The English language can be narrowed down to just 39 basic sounds, called "phonemes". Each phoneme has a specific character representation, and the set of representations is called the ARPABET, which is described in more detail here. Fun fact, you might have heard the sentence "the quick brown fox jumps over the lazy dog", which includes all english letters. Pronunciation has its own device like this, a story called Arthur the Rat, which includes all english pronunciations. If you're interested, check out recordings in different dialects here. Okay, I digress. While the 39 phonemes are the only sounds, they can each be pronounced in slightly different ways by varying syllable stress, cadence, etc. All these slight modifications make it so that pronunciation is a little more nuanced than just stringing together the phoneme makeup of a word. This project was promped by my curiosity as to how accurate a text-to-speech bot would be given just one pronunciation of each of the 39 phonemes. With such a simple setup, a text-to-speech bot can be easily made to mimic almost anyone, as long as they've been recorded saying words with each of the 39 phonemes at least once.

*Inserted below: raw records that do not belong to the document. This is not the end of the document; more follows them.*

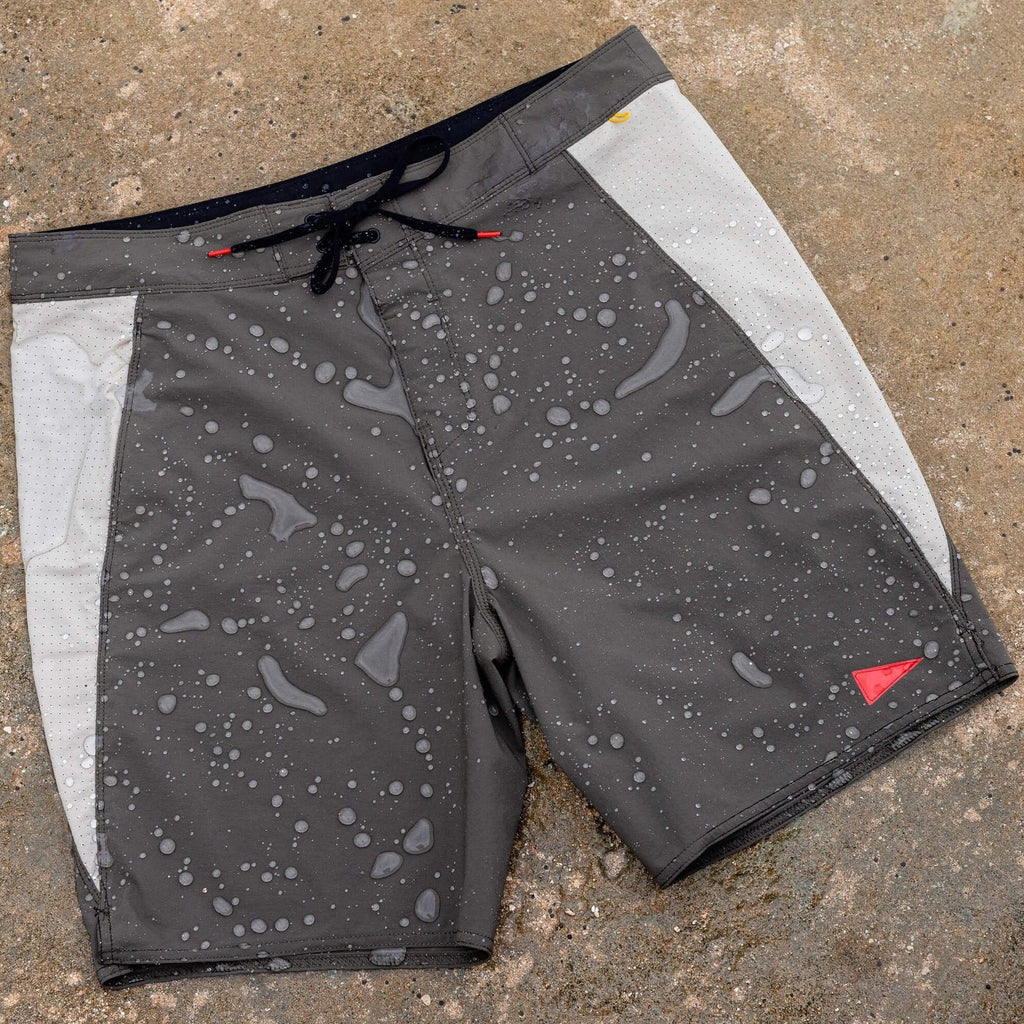 Men's Cordura Airtex Boardshort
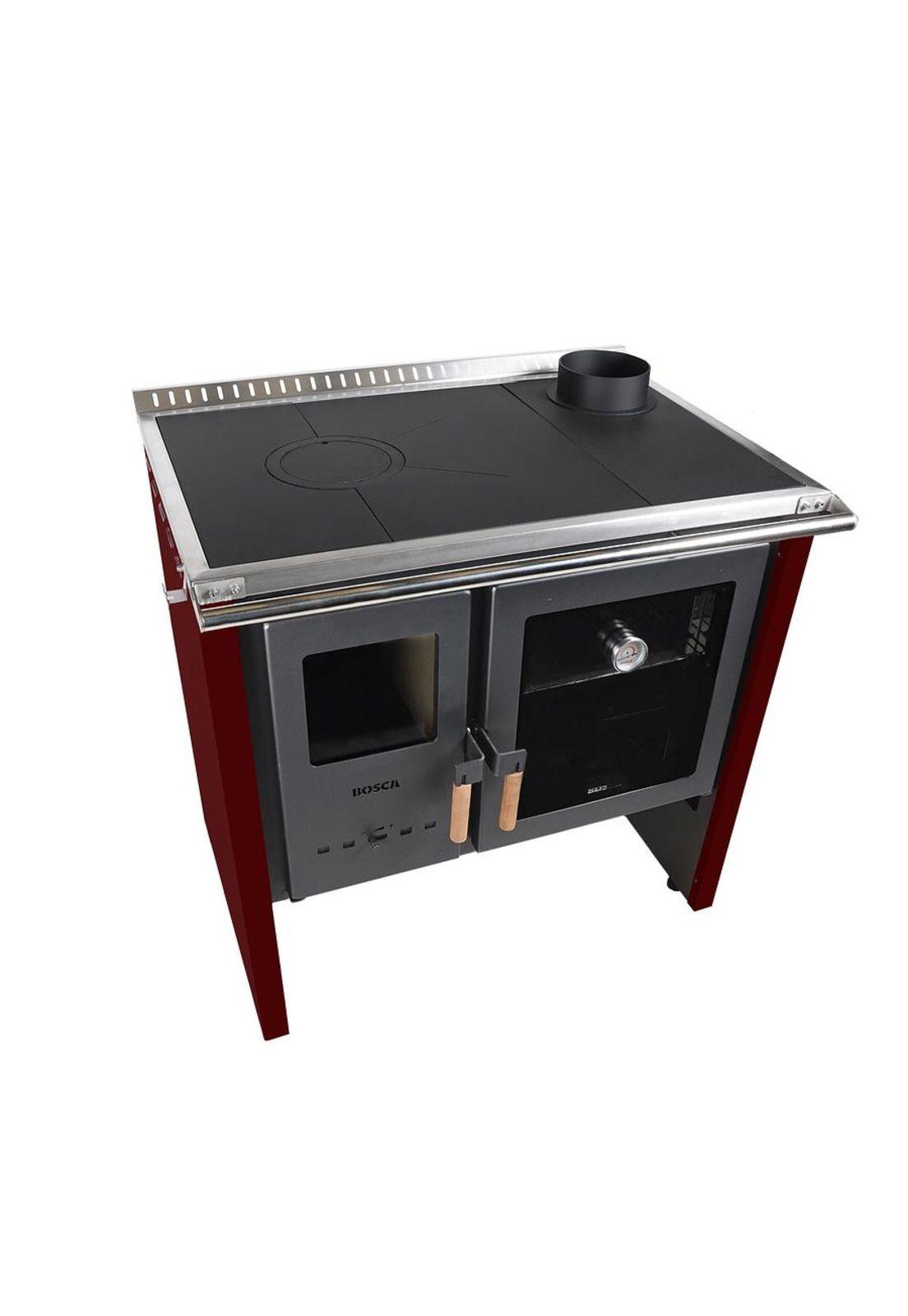 COCINA LEÑA 2P BOSCA HESTIA 90 BURDEO-2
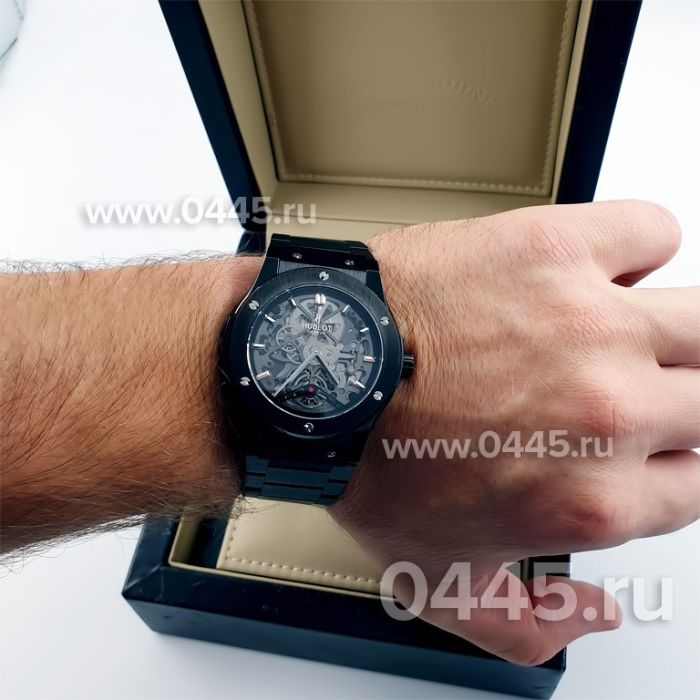 Часы HUBLOT Classic Fusion (10170)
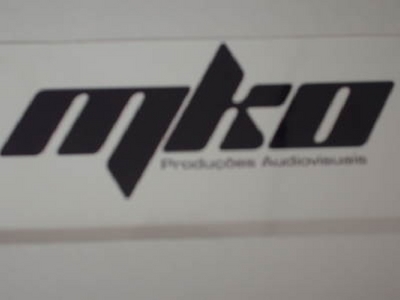 MKO PRODUÇÕES AUDIOVISUAIS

At a high level, this is what my program does:
Gathers user input
Splits user input into individual words
Stores the ARPABET pronunciation for each word using the "pronouncing" package
Plays all phonemes in order, accounting for punctuation with pauses
Other than the source code, which you can find here, there are a few external libraries and additional setup you need to do for this project.
pronouncing: A Python library that returns the ARPABET pronunciations of words. You can download with "pip install pronouncing" and read the documentation here.
playsound: This Python library only adds one function, "playsound" which is used to play audio (specifically mp3s) from a Python program. You can download it with "pip install playsound". In order to use this, I also had to download PyObjC for some reason, so if you have an issue running playsound, try running "pip3 install -U PyObjC".
Here is where you customize the voice: In the same folder as voice_emulator.py, make a folder that has all of the pronunciation audio files in it. For example, for the phoneme "AA", you need its pronunciation stored in a file at "folder_name/AA.mp3". If any of this is confusing, take a look at the project on my GitHub and just copy the format there.
After completing the setup, simply run the program from your terminal with: $ python3 voice_emulator.py folder_name
Conclusions & Next Steps
Okay, so, I am well aware this is not the best voice emulator in the world LOL. However, I would say you can pretty much understand everything that is said as well as whose voice it is, and that's pretty cool! Considering I recorded all the sounds in 20 minutes using my default MacBook mic, used a single example word as guidance for each ARPABET pronunciation, and spent 10 minutes clipping each recording to scale, I don't think it turned out too bad! With this super simple format, it would be easy to make a bot of someone with even a small amount of available audio.
Beyond the obvious and pedantic things like using a better mic, pronouncing the sounds better, and clipping the audio better, the best way to improve the project would be to simply increase the number of sounds. While I ignored them in my implementation, ARPABET actually also uses stresses, which indicate what syllable to add the main or secondary stress on when you speak a word. Adding these would require each phoneme to be recorded multiple times (once for each tier of stress) but would, obviously, increase how accurate or "human" it sounds. I could also account for punctuation stresses, such as questioning tone (?), exclamation (!), or trailing (...). Lastly, I could switch from ARPABET to "International Phonetic Alphabet" or "IPA", as IPA accounts for a few more sounds than the version of ARPABET I'm using in this project.